Yeah, unlike those other cities, I see no evidence to suspect that Agrigentesi networks played a central role in the formation of the Chicago mafia. Of course, I write that with the caveat that there were certainly guys we don't know about; but still, I think we do have a good grasp on the broad outlines of who seemed to have been the major players, and in the earlier phases they were not Agrigentesi. So when they came into the organization later, they got in where they fit in, I'm sure.
B. wrote:
- Giuffre said the Caccamo Mandamento had the following towns when he was in charge but not all of them had their own Family:
Caccamo, Ventimiglia di Sicilia, Trabia, Termini Imerese, Sciara, Cerda, Montemaggiore Belsito, Aliminusa, and San Nicolo l'Arena
Obviously, the networks that were formalized with the development of the mandamento system long predated it. Worth noting that several of those comuni were well represented in Chicago (Ventimiglia, Trabia, Montemaggiore).
B. wrote:
- The top Caccamesi leaders were all killed in the mid- and late-1920s. The Chicago Heights and Pittsburgh admins (who both have ties to the Landolina name) and Giorgio Catania in Philadelphia (said by Riccobene to have been former boss of the Philly-Caccamo Family). Odd coincidence, especially given some other conflicts were ethnically-driven (i.e. Castellammarese War) and national in scope.

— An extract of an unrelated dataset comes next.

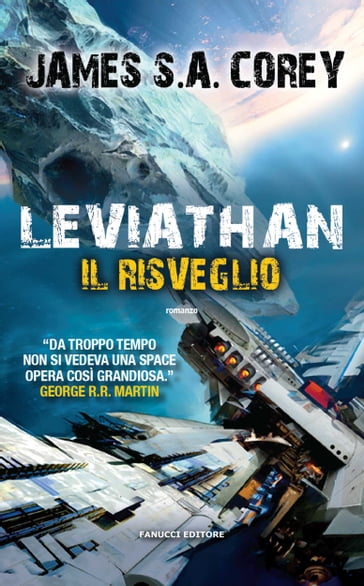 Leviathan - Il risveglio - James S. A. Corey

There may have been something afoot, for sure. This could be an important dynamic that we otherwise wouldn't grasp if we only saw it viewed from the level of local Chicago-area underworld competition. In the latter light, the removal of Piazza by the Roberto/Emery group can be cast as a simplified Calabresi vs Sicilians war over bootlegging, in the vein of how people have depicted the Capone vs Aiello contest. I suspect that, as in the Capone case, this had a lot more to do with internal mafia politics than people have assumed. By this time in the 1920s, the process of incorporating these mainlander organizations into the mafia, I believe, was in full force, and it's fully possible that Chicago used this as a way to take out Piazza and absorb the Heights family as a decina. The possibility that Caccamesi leaders were iced out on a broader scale at the same time I think goes to further support that line of reasoning and points to a potentially larger context apart from local Chicago concerns.
Thanks for pointing out the Landolina connection, also. Piazza's wife, of course, was Carmella Landolina.
EDIT: Actually, I'm pretty certain that Phil Piazza's wife Carmella was the sister of the Nicasio Landolina killed in Pittsburgh in 1928 (maybe you were aware of this already). So, yeah. Something was going down then.